General Information Overview

Young workers, ages 14 to 25, face a greater risk of injury and death in the workplace. Youth in the workplace generally have less job experience, do not receive proper job training, and might be hesitant to ask questions about safety. These factors all contribute to higher rates of injury and death among young workers.

Read below for information on young worker rights, child labor laws, and what others can do to help prevent young worker injury and death. For publications, videos, and training on young worker safety check out the Young Worker topic page.

Young workers have influence in the workplace and the right to speak up about risks in the workplace. All laws in Oregon about workplace safety and regulation apply to young workers.
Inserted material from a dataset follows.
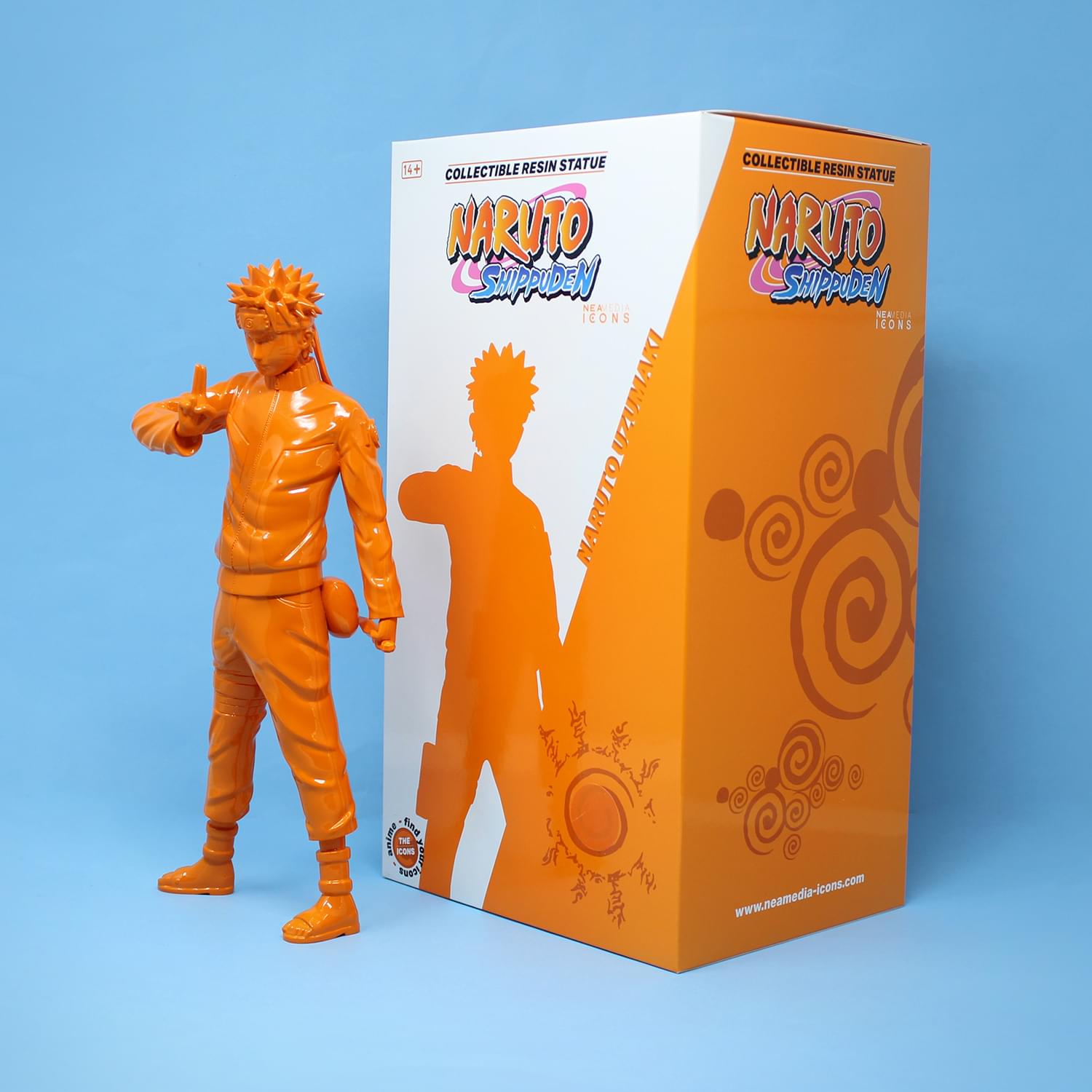14+ COLLECTIBLE RESIN STATUE NARUTO SHIPPUDEN NEAT ICONS COLLECTIBLE RESIN STATUE NARUTO SHIPPUDEN NEAT ICONS 5 aaime - THE COOTa S www.neamedia-icons.com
Young workers must be paid at least minimum wage; must receive a 15-minute break every four hours; and must receive a 30-minute meal break when working six or more hours.
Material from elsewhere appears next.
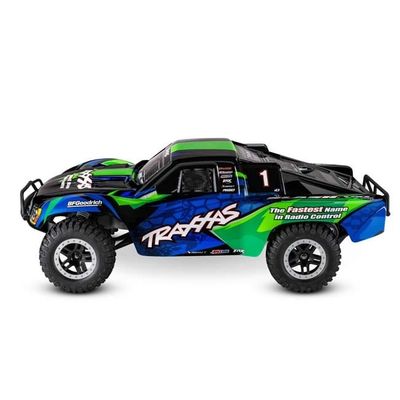 TRX-58376-74-GRN Traxxas Slash 2WD VXL Brushless HD Green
Also, there are limitations on the hours and types of jobs that young workers can do. See the chart for the number of hours that young workers ages 14 and 15 and 16 and 17 can work when school is and is not in session.

hours teens can work when school is or is not in session. Age 14-15, 3 hours per day, 18 hours per week when school is in session. 8 hours a day, 40 hours a week when school is not in session. Age 16-17, no daily limit and 44 hours per week when school is or is not in session. 
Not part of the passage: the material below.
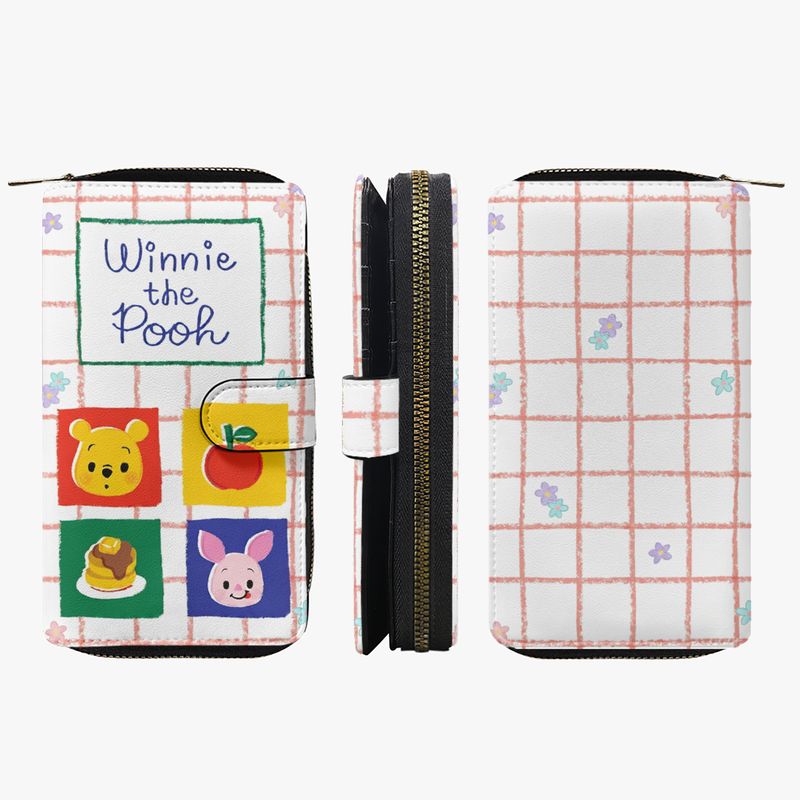 Large Pooh Pastel Picnic Wallet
There are also limits on the types of jobs that young workers can do.

A few of the jobs you can’t do if you’re younger than 18 years old:

  • Work with power-driven machinery
  • Logging or work in sawmills
  • Work with saws or nail guns
  • Messenger services between 10 p.m. and 5 a.m.

A few of the jobs you can’t do if you are under 16 years old:

  • Workshop or warehouse jobs
  • Cooking with an open flame or bakery oven
  • Woodcutting or sawing
  • Work on ladders or scaffolding

For more information on jobs restrictions for workers under 18 and other child labor laws, visit the Oregon BOLI website.

Empower the young workers around you; injury and death of young workers can be prevented by speaking up about risks in the workplace.

Working too quickly

Doing work you're not trained to do

Incorrectly using tools and equipment

Being under the influence of drugs/alcohol

Working for long periods without supervision

​Employers have a responsibility to provide a safe workplace for young workers age 14 to 25 years old. The risk of injury or death is higher for young workers, especially during their first years of work. Young workers may be less likely to ask questions or bring up safety issues in an effort to prove themselves. To prevent safety concerns, employers should train employees in a language they understand, encourage questions, label equipment that minors cannot use, and give instructions on what workers should do if they are injured.

Employers must also obtain an Employment Certificate to employ workers ages 14 to 17. This certificate must be updated annually.

For more resources and publications on young workers, visit our Young Worker topic page​.​

​Young worker injury and death can be prevented through awareness and education. Parents should ask their children questions about their workplace and be on the lookout for red flags. Help your child be more aware of potential risks in the workplace, and encourage them to speak up if they feel unsafe or notice a workplace hazard. For information and resources, visit the Young Worker topic page.

Many young workers start their first job in high school. Educators have a unique opportunity to reach this group and inform them of workplace safety. Find resources and teaching curriculum on the Young Worker topic page​.

​Young workers are a valuable force in the workplace, and safety for young workers is important to OSHA. Read below to learn eight tips on how to stay safe at work.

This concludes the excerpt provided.